Mieszkańcy lubelskiej dzielnicy Czuby zbierają podpisy przeciwko budowie kolejnej stacji paliw w ich okolicy. Inwestor chce budować stację przy ul. Jana Pawła II. A tankować paliwo mogłyby tutaj TIR-y.
Stacja powstanie tuż przy wysokiej skarpie. Nie ma tutaj planu zagospodarowania przestrzennego. Urząd Miasta Lublin kilkanaście dni temu wydał inwestorowi decyzję o ustaleniu warunków zabudowy.

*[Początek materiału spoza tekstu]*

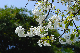 image0134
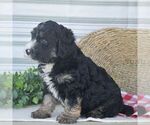 Small #2 Bernedoodle (Miniature)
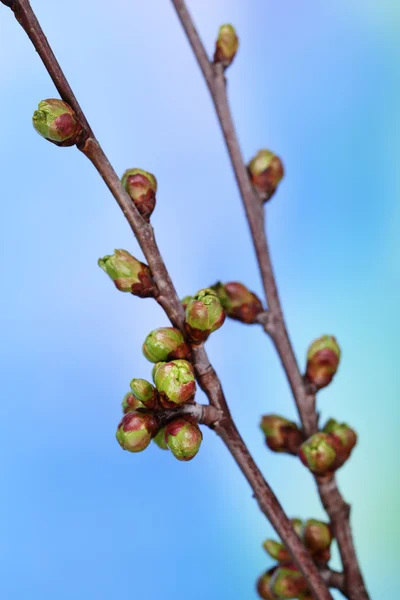 Leaf bud on bright background — Stock Photo, Image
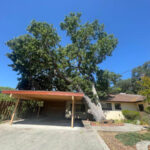 Before Tree Leaning on Driveway Cover.jpg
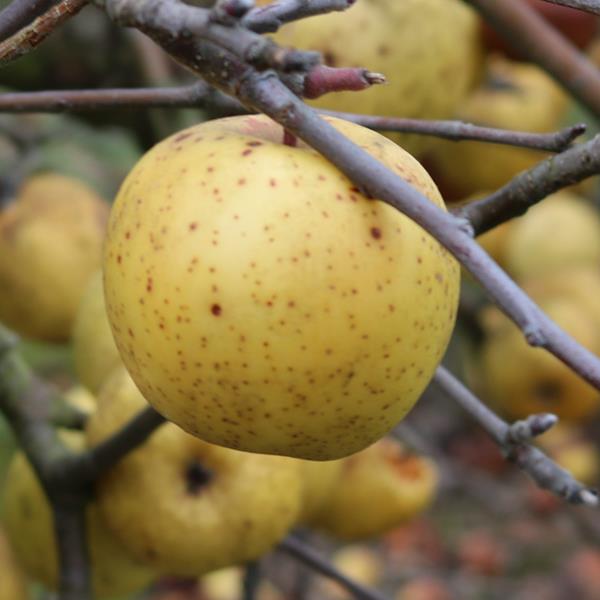 Apple: Reinette De Raffray
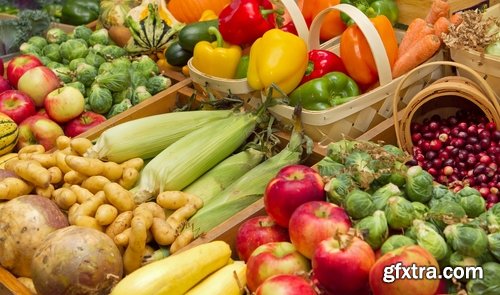 Harvest still life fruit vegetables agriculture farming 25 HQ Jpeg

To pierwszy krok do uzyskania pozwolenia na budowę.
– Mieszkańcy są oburzeni – mówi wiceprzewodnicząca rady dzielnicy Czuby Północne Grażyna Stadnik. – Gdzież przy samych blokach budować taką stację. Tym bardziej, że bardzo niedaleko, na Krochmalnej, mamy już jedną. A w pobliżu mamy ich w sumie sześć. Obok są dwa przedszkola i żłobek, a na skarpie mamy duże bloki. Zbieramy podpisy przeciwko budowie, wszyscy mieszkańcy się podpisują.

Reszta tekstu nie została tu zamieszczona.